Sunday, October 21, 2018

asas pra que te quero

"que´sta merda abana mas não cai!

o grito, algo cômico, algo pânico, veio lá das poltronas de trás. junto com a desaceleração da aeronave, que nos parece tranco, mais para "freio (travão) de arrumação"* - exatamente sobre a ponte 25 de abril, o que, ao alvorecer(a depender do seu horário de partida/chegada) é um sinal que estamos à breve tempo da aterragem; dá-nos a pista, do aeroporto de lisboa, agora chamado humberto delgado, na portela. o que não me permite, nem lhe dá o torto de fazer, trocadilho barato, com porteira de chegada, que experimentei primeira vez, no já longícuo 1991, que nem em vôos de coração consigo recompor. dai em diante, de 96 a 2002 foram sensações tantas, iguais e díspares, por cerca de dez vezes, trancos tantos, que ainda assim, hoje, já não me abanam, já que não saio mais do chão, pousado nos roídos das paixões que aconteceram ou deixaram de acontecer, justamente porque não mais abanei o rabo daqui.
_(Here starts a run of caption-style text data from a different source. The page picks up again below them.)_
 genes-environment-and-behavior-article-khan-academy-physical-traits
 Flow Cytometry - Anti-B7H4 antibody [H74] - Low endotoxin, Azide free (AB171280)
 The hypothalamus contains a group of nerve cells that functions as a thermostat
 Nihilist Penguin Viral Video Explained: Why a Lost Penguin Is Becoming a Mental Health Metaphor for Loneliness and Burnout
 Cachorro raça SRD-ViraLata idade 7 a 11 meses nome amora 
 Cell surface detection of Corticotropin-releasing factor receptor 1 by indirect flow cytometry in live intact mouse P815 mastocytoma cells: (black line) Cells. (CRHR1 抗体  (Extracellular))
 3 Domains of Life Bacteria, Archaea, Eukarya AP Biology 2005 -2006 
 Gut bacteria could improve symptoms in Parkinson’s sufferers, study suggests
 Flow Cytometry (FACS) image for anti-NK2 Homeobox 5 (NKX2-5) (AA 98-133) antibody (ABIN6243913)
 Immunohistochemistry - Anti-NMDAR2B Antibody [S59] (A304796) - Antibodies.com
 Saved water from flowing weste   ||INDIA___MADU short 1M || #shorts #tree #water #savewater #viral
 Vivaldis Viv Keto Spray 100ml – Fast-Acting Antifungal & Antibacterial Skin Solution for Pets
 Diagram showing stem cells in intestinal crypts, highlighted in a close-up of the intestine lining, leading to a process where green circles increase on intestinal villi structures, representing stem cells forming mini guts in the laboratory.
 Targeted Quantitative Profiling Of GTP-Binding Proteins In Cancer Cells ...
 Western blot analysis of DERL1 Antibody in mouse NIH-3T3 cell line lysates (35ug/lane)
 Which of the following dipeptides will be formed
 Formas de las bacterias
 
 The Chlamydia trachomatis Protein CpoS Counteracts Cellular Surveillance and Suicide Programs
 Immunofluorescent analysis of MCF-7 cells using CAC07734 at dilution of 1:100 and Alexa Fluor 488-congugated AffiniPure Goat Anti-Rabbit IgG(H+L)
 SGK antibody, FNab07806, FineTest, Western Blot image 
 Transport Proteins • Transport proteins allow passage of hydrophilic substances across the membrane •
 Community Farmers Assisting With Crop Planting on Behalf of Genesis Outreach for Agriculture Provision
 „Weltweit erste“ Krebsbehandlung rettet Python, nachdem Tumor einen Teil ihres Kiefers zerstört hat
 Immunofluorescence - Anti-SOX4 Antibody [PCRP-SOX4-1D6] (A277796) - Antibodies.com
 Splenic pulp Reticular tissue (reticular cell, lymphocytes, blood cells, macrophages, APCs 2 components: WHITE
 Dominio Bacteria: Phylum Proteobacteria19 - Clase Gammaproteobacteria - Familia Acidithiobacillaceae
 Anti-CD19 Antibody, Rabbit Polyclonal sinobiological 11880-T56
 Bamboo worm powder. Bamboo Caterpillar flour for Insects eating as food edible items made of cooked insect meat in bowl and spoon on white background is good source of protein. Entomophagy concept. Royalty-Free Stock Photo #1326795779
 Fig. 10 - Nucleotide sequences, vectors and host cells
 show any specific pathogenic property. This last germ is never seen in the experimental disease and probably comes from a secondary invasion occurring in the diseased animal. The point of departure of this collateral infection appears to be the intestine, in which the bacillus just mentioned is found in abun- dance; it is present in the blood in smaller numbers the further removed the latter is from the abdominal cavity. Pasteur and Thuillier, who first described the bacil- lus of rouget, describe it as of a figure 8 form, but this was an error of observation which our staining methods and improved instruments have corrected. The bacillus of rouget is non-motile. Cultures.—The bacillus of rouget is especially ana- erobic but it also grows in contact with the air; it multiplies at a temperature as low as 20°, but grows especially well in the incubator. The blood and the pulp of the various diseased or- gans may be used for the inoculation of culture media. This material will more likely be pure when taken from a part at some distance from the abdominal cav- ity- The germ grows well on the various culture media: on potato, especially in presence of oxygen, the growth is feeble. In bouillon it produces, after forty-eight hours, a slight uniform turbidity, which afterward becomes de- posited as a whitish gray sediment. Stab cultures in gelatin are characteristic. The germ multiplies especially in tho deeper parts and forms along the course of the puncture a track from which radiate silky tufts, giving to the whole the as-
quem já foi a lisboa, saindo do brasil, sabe bem o que é isto. da primeira vez, realmente, assusta. das outras, nem tanto. mas "o peso do ar" faz o pássaro mais parecer que vai rugindo, mugindo, desandar ao mar, tamanha tonitroância das turbinas, o que não me deixa, embora gostasse, de chamar de arrulhos, tentativa que chamarei de poética, pra não dizer patética, entre as tantas que ensaiei nas chegadas e partidas à nova casa de além mar.

a tap, e a seus aviões, devo o início da compreensão da lógica cartesiana da expressão do pensamento, pelo menos cotidiano, português. o que me facilitou a vida, pessoal e profissional, bastante conveniente a um homem das letras publicitárias, afastando-me das anedotas farofas, que brasileiros, os tais que se acham providos de (falso) humor(para além do mau), costumam usar para tripudiar da "falta de inteligência lusa". mas quando percebemos que os aviões lá descolam, e não decolam como cá(e aterram/aterragem, e não aterrisam, como dizemos, o que está mais perto de aterrorizante) se não formos mais estúpidos, do que costumamos ser, vemos o quão é genial o sentido. afinal, aquela " merda que abana mas não cai", e que pesa dezenas, dizem alguns centenas de toneladas, consegue descolar do chão, não sabe-se lá muito bem porquê - dizem alguns que é a tecnologia, eu acredito que deve-se tão somente a fé do piloto -  e isto posto, eis-me aqui no trocadilho patético, é "muito descolado", fixe, dir-se-ia por lá, gíria(diriam calão, os portugueses) "das antigas, assim como meus tempos naquelas terras, dos quais, com passar do tempo, já consigo descolar-me, não sabendo ainda se tal descolagem é para o bem ou o mal.

do dezembro de 2002, até meados de 2017, mesmo sem sair daqui, fiz e refiz as viagens em vôos passados, e a querer futuros. mas fui perdendo empuxo, o que é natural, até para os aviões. com o tempo, salvo para os obstinados mais que tudo, que não é o meu caso, todos perdemos força. e ganhamos peso a mais na fuselagem - quando não nas vontades sonhos e memórias. e assim fui ficando cada vez mais com o pêso dos tempos, se não no corpo - talvez fosse preferível - nos sonhos e nas vontades de alçar o que quer que seja(sim, o tesão também fica pesado).

nem pássaro, nem avião, grudado ao chão de distâncias cada vez maiores, diria hoje o passageiro lá bem atrás, nas poltronas e no tempo: cuidado que esta merda agora abana, e só cai.

e assim lá vou eu abanando, e caindo para o alto, nas asas da canção, porém sem mais nada espreitar para além da falta de ar.

* quando os ônibus, sempre cheios no brasil, estão com passageiros mal distribuídos nos auto-carros(ou muito à frente, ou muito atrás) os motoristas acionam o freio subitamente, o que faz com que os passageiros se desequilibrem e assim recomponham sua distribuição(mas nem sempre o equilíbrio é conseguido, quando não, muito pelo contário: abanam e caem).